BIG BANG

20 April - 22 June 2023
Overview

Vedovi Gallery is pleased to announce BIG BANG, a new exhibition featuring a curated selection of works in metal made during the 20th Century up to the present day.

 

This presentation illustrates the myriad ways in which the medium of metal has been configured and reconfigured, while demonstrating how periods of artistic output inform the next, in doing so ignite chain reactions within the history of sculpture.

 

As catalysts in the explosive advancement of contemporary art as it is defined today, the works gathered in this survey exemplify an energy which fuelled creative innovation of the past into the period of present. Artists on view include Carl Andre, Walead Beshty, Pol Bury, Alexander Calder, Cesar, George Condo, Max Ernst, Mark Handforth, Gabriel Kuri, Sherrie Levine, Adam McEwen, Man Ray, Ugo Rondinone and Franz West.

 

On-going material investigation spurs artistic innovation. From the ubiquity of the everyday to the objects therein Man Ray’s reinterpretation of the benign to the status of art is exemplified in Le fer rouge (1966). An iron with its surface painted red is rendered beautified by the artist’s elevating of formal aesthetics, much like how one might apply a fresh coat of lipstick.

 

Gabriel Curry's Self-portrait (2014) as a whole over a whole divided in full distribution loop reaches through the historical trajectory of Ray’s found object sculpture to source beauty from the mundane. Here, the artist explores the physical integrity of objects by combining technique with material to question how function versus form is represented. In exemplifying the almost-invisible features of our shared environment, Mark Handforth’s enigmatic sculptural assemblage Red hydrant (2004) operates between shrine and a celebratory object, made as a tribute to the first responders of the 9/11 tragedy.

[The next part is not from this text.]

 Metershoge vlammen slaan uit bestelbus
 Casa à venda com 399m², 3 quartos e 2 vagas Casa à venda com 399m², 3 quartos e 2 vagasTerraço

The juxtaposition of candles with the American fire hydrant inverts the object’s use from the civic to the domestic.

 

Capturing the energy of an expanding field of sculpture, artists initiated a sense of functionality as conceptual additive to materials of making. Franz West developed his whimsical sculptural sensibility as an anti-thesis to post-war brutality. The artist’s colourful and irreverent sculptures, exemplified in Sitzskulptur (2004), were intended to defy the preciousness of the art object by being intentionally interactive, in the case his work on exhibit, as an opportunity to sit. Where the fragility of the artwork is undermined in West, Walead Beshty underscored the globalized infrastructures required to move objects across distances. Polished copper has an ability to register manipulation on its surface which is exemplified in Beshty’s 16-inch Copper (Fedex Kraft Box) (2010). The marks of handling across international distances imbue the minimalist form with a history of touches. Carl Andre’s minimal formal language, known as floor-works, reduce art down to its very elemental properties of material alloy. 6 CuAl LINE (2005) continues this pursuit in polished metal squares, as surfaces intended to be experienced by being walked on.

 

Sherrie Levine’s Antelope Skull (2006) captures the artist’s interrogation of redundancy. Emblematic of a hunter’s trophy, the artist casts a discarded skull in bronze, elevating the kitsch emblem of the hunt into the arena of classical sculpture. Further examining the mythic qualities of this traditional material, George Condo’s bust of The Linden Boy (2002) speaks to the past while César’s Expansion murale (1970) explores the intrinsic quality of the solid object. Here the form is visualized as a compacted material gushing outwards, describing the artist’s life-long pursuit of Nouveau Réalisme sculpture.

 

As an exhibition curated under the premise of exponential development in the field of sculpture, BIG BANG brings together expanded perspectives on form and material exploration within the confines of three-dimensional space. Artists such as Alexander Calder, Tony Cragg, Ugo Rondinone and Pol Bury equally placemark pivotal ideas in the progression of material form in sculpture. The exhibition as a whole lends itself to the infinite possibilities of sculpture as an ever-expanding universe of creative innovation.